Jia Zhang-ke é um dos artistas contemporâneos mais preocupados em retratar a realidade de seu país. Tanto no brilhante Prazeres Desconhecidos quanto na obra-prima recente Amor Até as Cinzas, Jia utilizou o contexto político da sociedade chinesa para contar belas histórias sobre amor, liberdade e sonhos. Em Nadando Até o Mar se Tornar Azul, Jia também se preocupa em abordar a realidade, mas com duas grandes diferenças em relação ao cinema recente que vinha fazendo: seu recorte parte exclusivamente do olhar do trabalhador e seu método parte do cinema documental.
O filme se divide em dezoito capítulos e foca em contar as histórias de vida de alguns trabalhadores e suas famílias. Com a sensibilidade que poucos possuem no cinema contemporâneo, Jia consegue realizar esse projeto com a mínima interferência possível. É um documentário que não se preocupa em guiar as entrevistas cedidas pelos personagens, conseguindo amarrar todas elas ao destacar justamente o que elas têm em comum: sua humanidade.
O recorte de Jia não é exatamente inédito – o que não falta no cinema nacional, por exemplo, são documentários sobre a classe trabalhadora, como como ABC da Greve de Leon Hirszman e Peões, de Eduardo Coutinho. Hoje, porém, a China é o principal polo tecnológico do mundo. É o país da mão de obra barata e eficiente, é o país que fabrica, por exemplo, boa parte dos smartphones que são usados por bilhões de pessoas em todo o mundo. Jia, portanto, consegue passar da camada mais óbvia das relações empregatícias da China e mostrar como, por trás dessa mão de obra, há pessoas complexas, criativas, cheias de vida e histórias para contar.
Essa postura observacional e pouco invasiva de Jia funciona perfeitamente justamente pela confiança do cineasta na universalidade das histórias contadas. Nunca tarda para que os relatos sobre eventos cotidianos sejam expandidos para reflexões que qualquer um possa se identificar. Nadando Até o Mar se Tornar Azul é um filme que parte de situações e relatos muito simples para se tornar uma reflexão sobre toda a construção cultural da China a partir das vivências e olhares do povo chinês.
Para tornar essa narrativa possível, Jia não poderia fazer uma escolha melhor do que a de tornar Nadando Até o Mar se Tornar Azul um filme sobre e feito por rostos.
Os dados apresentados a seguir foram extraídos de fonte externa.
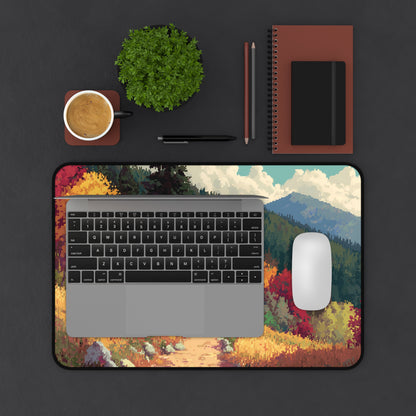 Pixel Art Desk Mat: Fall Landscape Mouse Pad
Um filme que constantemente utiliza uma profundidade de campo curta e desfoca todo cenário, deixando apenas os rostos das pessoas contando suas histórias, fortalecendo essa tradição oral que constrói a cultura representada. A montagem vez ou outra entrecorta esses rostos com paisagens ou equipamentos de trabalho, apenas para reiterar que essas figuras não existem em um vácuo. São fruto do contexto no qual vivem, são humanos que absorvem seus arredores e, assim, enriquecem a narrativa. Com isso, Nadando Até o Mar se Tornar Azul se torna um belo registro de como as pessoas formam essa sociedade e sua cultura e sobre como a perspectiva do proletário é a única possível para entendermos qualquer contexto sociopolítico.